Input:
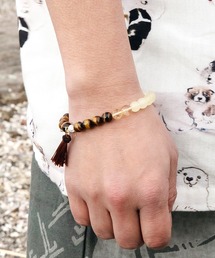 カヤ（カヤ）の「【カヤ】うつろい願いメンズブレスレット（ブレスレット）」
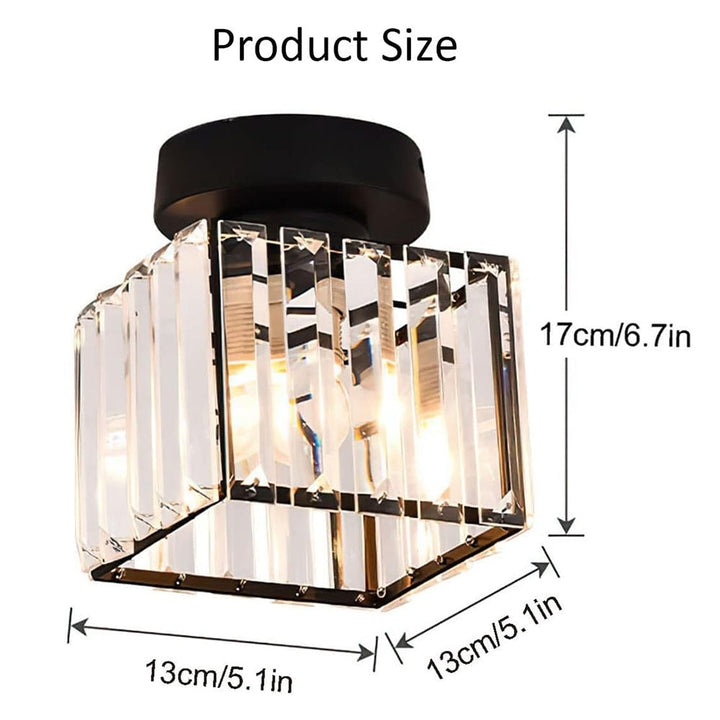Skanto | Kristallglass Taklampe – Messingfeste & Kompakt Design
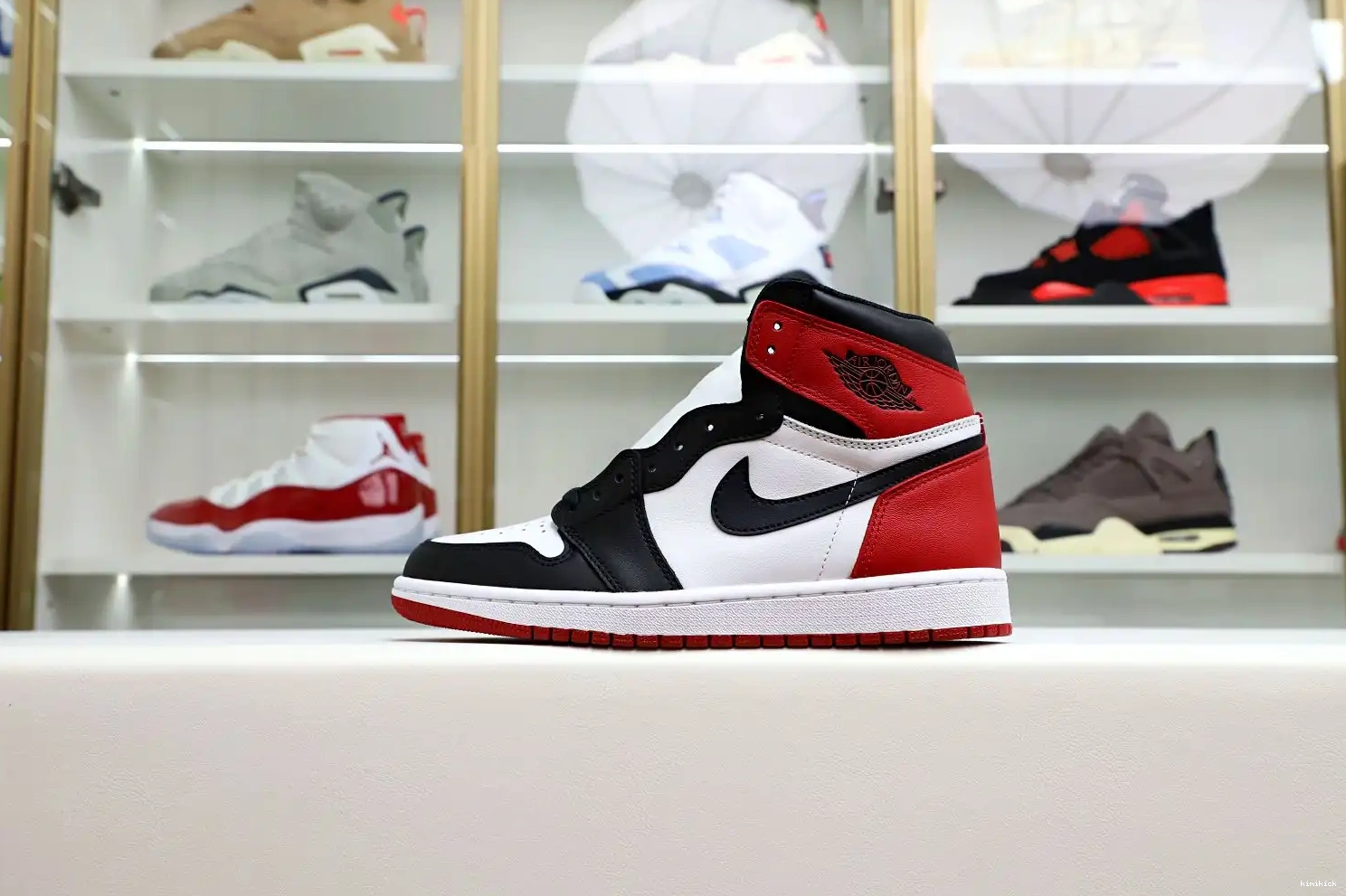 Kimikick 1 Air Toe Black Retro Jordan (2016) 0520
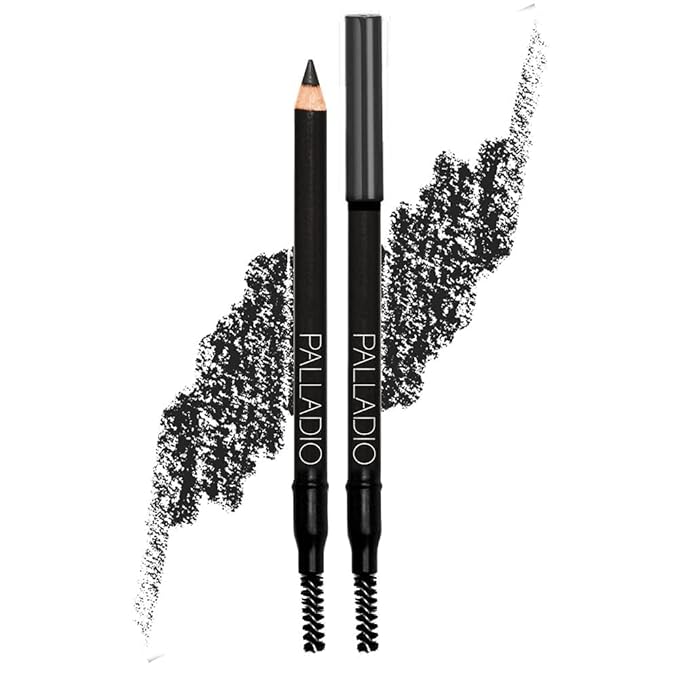 Palladio Brow Pencil & Brush for Eyebrows, Black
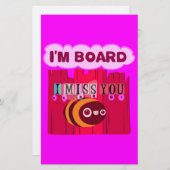 ボードビーアートプリント 便箋 (正面/裏面)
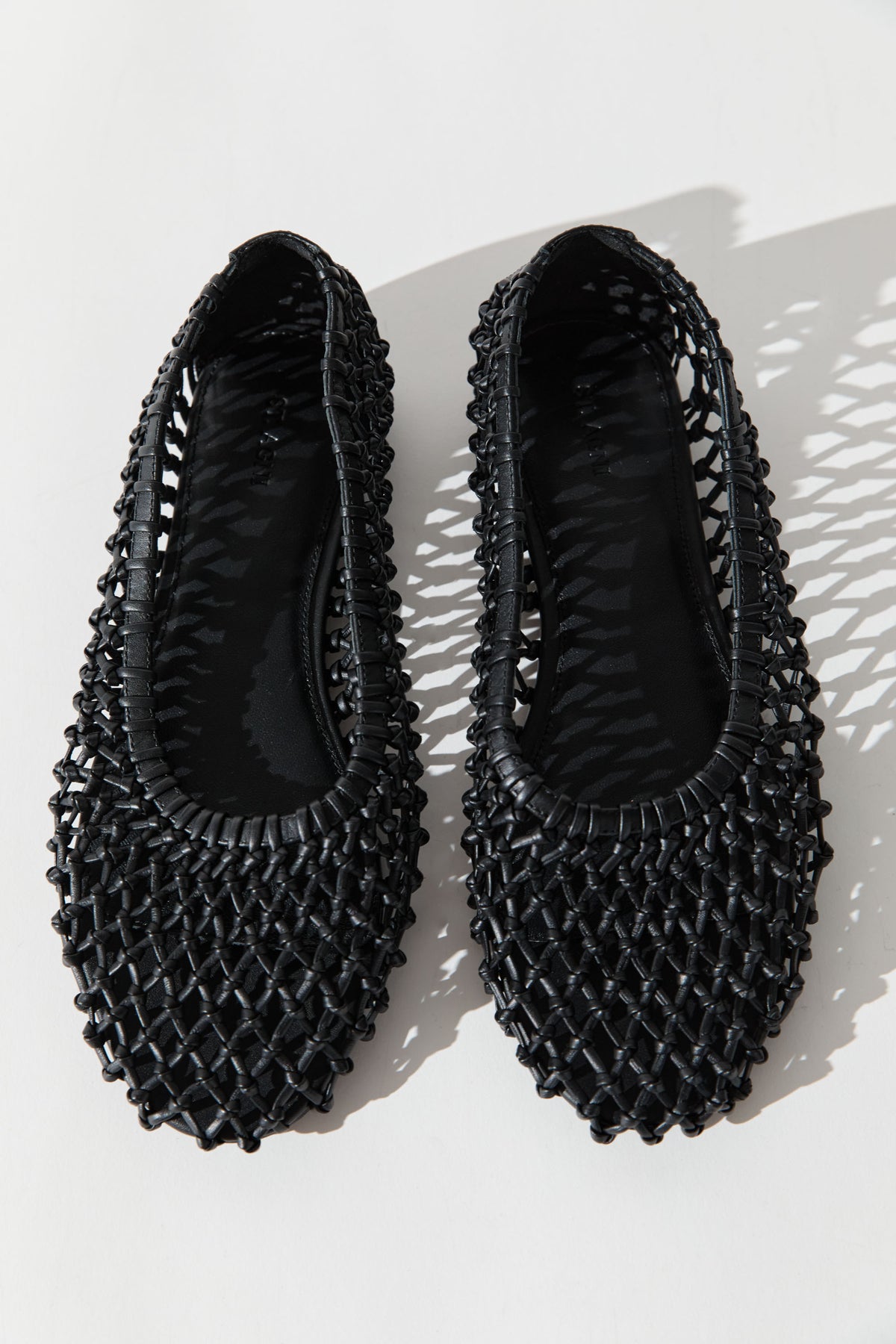 Woven Ballerina Flat - Black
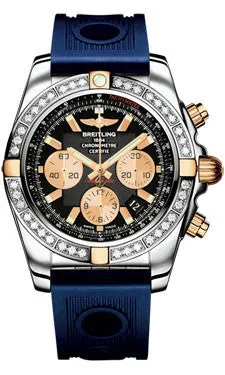 Breitling - Chronomat 44 Two-Tone 40 Diamond Bezel - Ocean Racer Strap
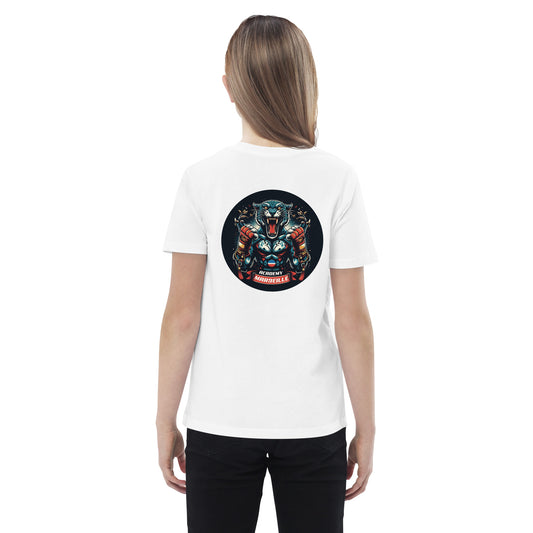 T-shirt en coton bio enfant (imprimé Guépard 2)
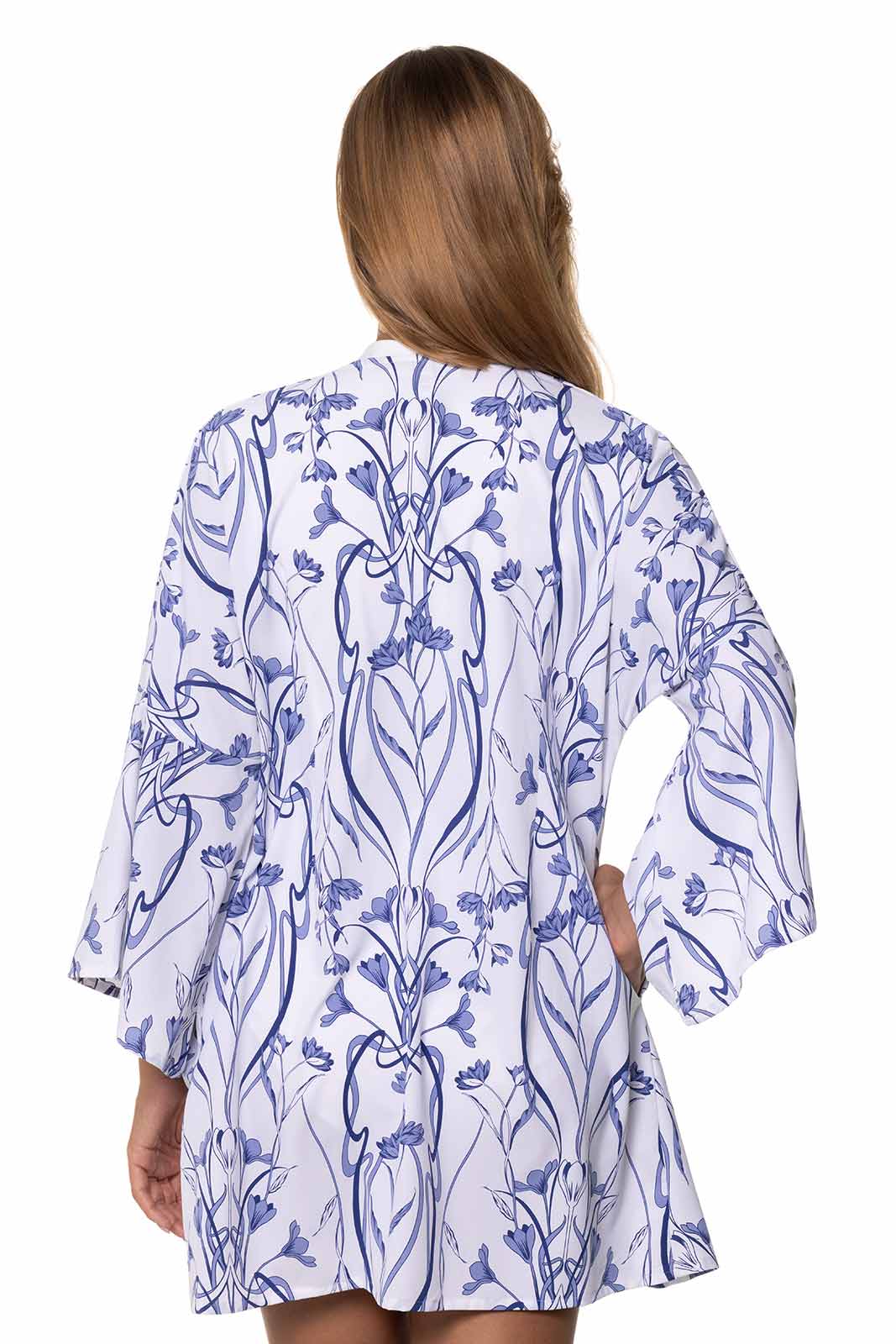 Women's Ocean Drive Cover-Up | White Iris Dusk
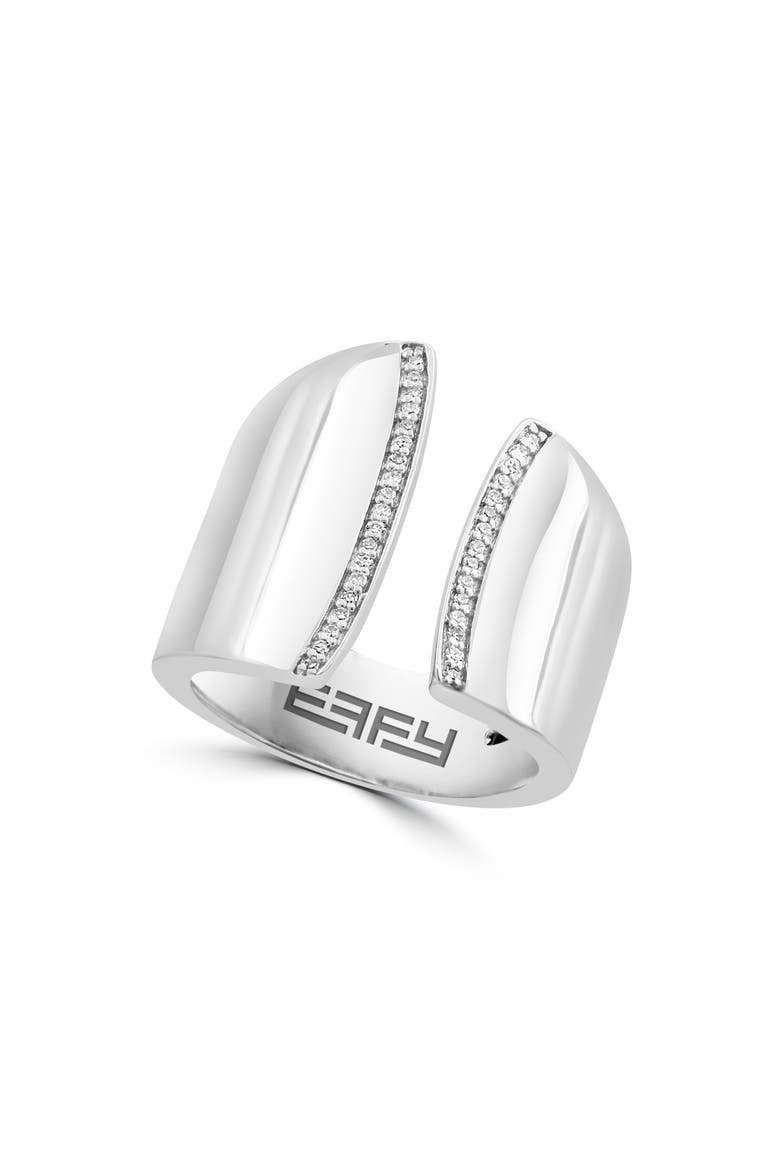 Diamond Split Band Ring, Main, color, SILVER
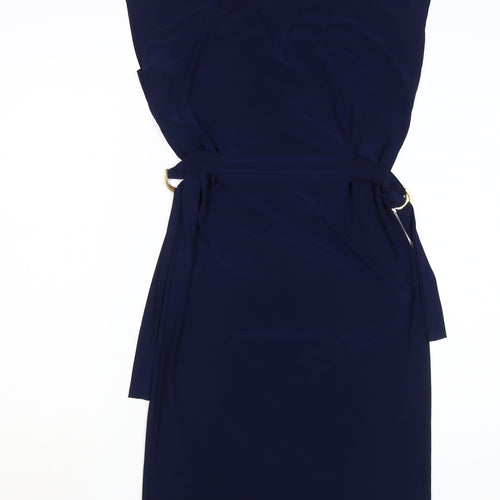 Next Women's Blue Sheath Dress Size 6 Sleeveless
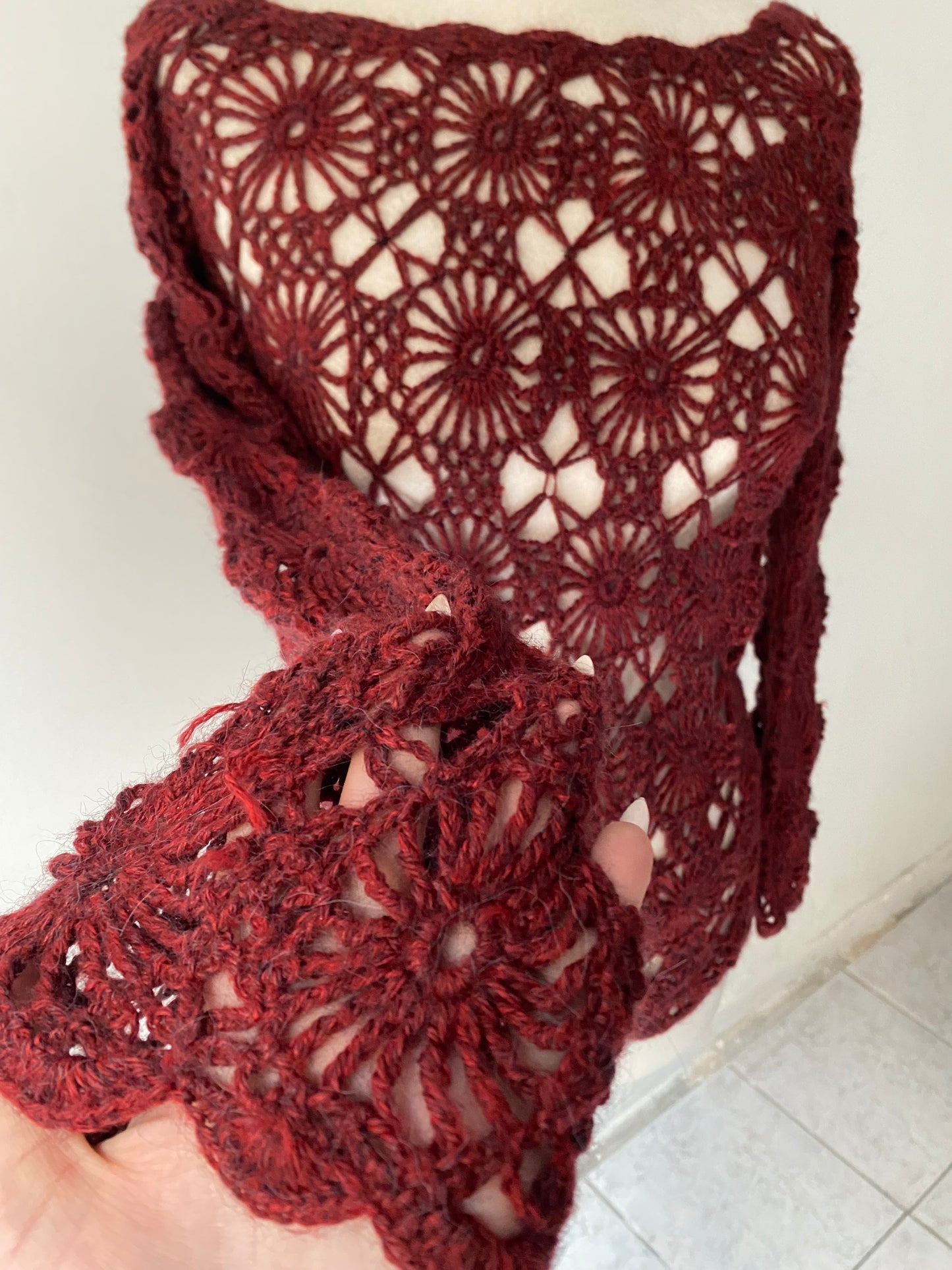 Vintage Alpaca Hand Made Top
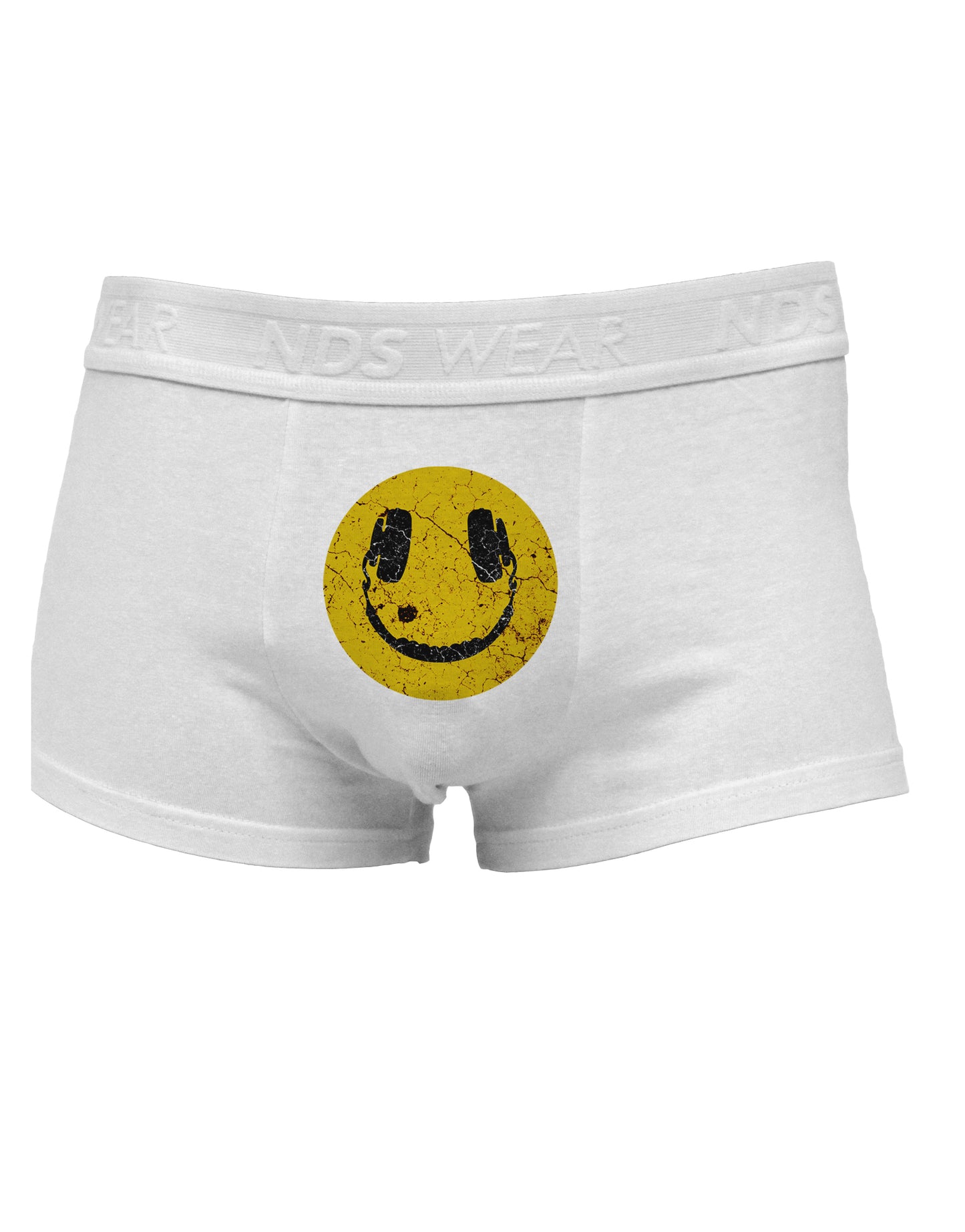 EDM Smiley Face Mens Cotton Trunk Underwear by TooLoud-Men's Trunk Underwear-NDS Wear-White-Small-Davson Sales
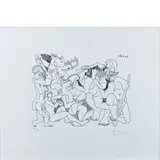 Pablo Picasso, Malaga 1881 - Mougins 1973 / Senza titolo, 1968, etching on paper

Prompt: Print exactly, and print only, the lines from the line with "Kimikick 1 Air" through the last line of the entries, both ends included. No pictures belong in the result.

Answer box:
 Kimikick 1 Air Toe Black Retro Jordan (2016) 0520
 Palladio Brow Pencil & Brush for Eyebrows, Black
 ボードビーアートプリント 便箋 (正面/裏面)
 Woven Ballerina Flat - Black
 Breitling - Chronomat 44 Two-Tone 40 Diamond Bezel - Ocean Racer Strap
 T-shirt en coton bio enfant (imprimé Guépard 2)
 Women's Ocean Drive Cover-Up | White Iris Dusk
 Diamond Split Band Ring, Main, color, SILVER
 Next Women's Blue Sheath Dress Size 6 Sleeveless
 Vintage Alpaca Hand Made Top
 EDM Smiley Face Mens Cotton Trunk Underwear by TooLoud-Men's Trunk Underwear-NDS Wear-White-Small-Davson Sales
 Pablo Picasso, Malaga 1881 - Mougins 1973 / Senza titolo, 1968, etching on paper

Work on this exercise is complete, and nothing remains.